Menlo Park, California-based Frazier Healthcare Partners has closed on a $262 investment fund that it plans to use to back biomedical companies developing new therapeutics products.
The fund, Frazier Life Sciences VIII, is the first investment pool geared specifically towards life sciences run by Frazier, which traditionally invests in various healthcare businesses.
According to Frazier, investments will support drug development from early stages of development to those already in late-stage clinical trials.
[Also: Pfizer in talks to buy Allergan, create pharmaceuticals giant]
Frazier already invests in companies Calistoga Pharmaceuticals and Incline Therapeutics, which its backing helped create.
"Our ability to consistently and successfully execute our investment strategy with the same core investment team over multiple funds allowed us to raise this fund quickly," said Jamie Topper, managing general partner at Frazier, in a statement.
In an interview with Techcrunch, Topper said his fund has help spur more activity in the life sciences sector, whose growth has slowed down in recent years.
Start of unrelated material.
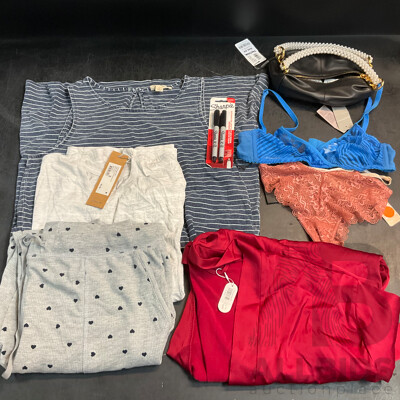 CHARLES & KEITH Handbag &  CLOUD BLVD Red Robe & Assorted Women's Clothing & 1x Pack of Markers
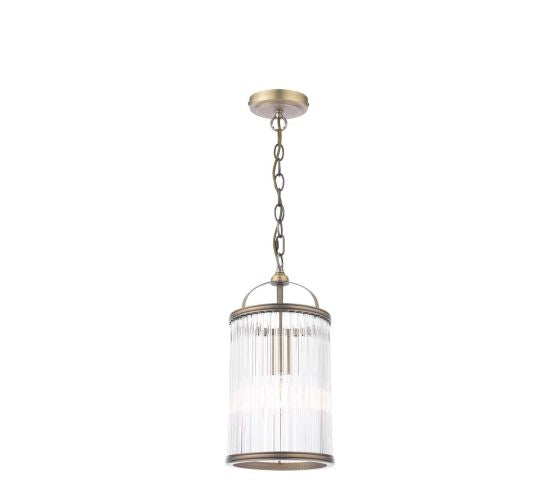 Sutton Single Pendant Matt Antique Brass and Ribbed Glass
"The biggest issue for life sciences investors is that we have to improve healthcare and develop new drugs at lower cost," he told the publication. "We don't need another drug where there are three other examples and we're just going to jack up the price. Also, reimbursement and access to novel therapies receive more scrutiny in the past. So we look for teams that are innovative; companies that addressing a true, unmet need – not just because we think we can sell it but to ensure that regulators and reimbursers will agree with the companies; and we look for opportunities where we can see certain inflection points met within three to five years."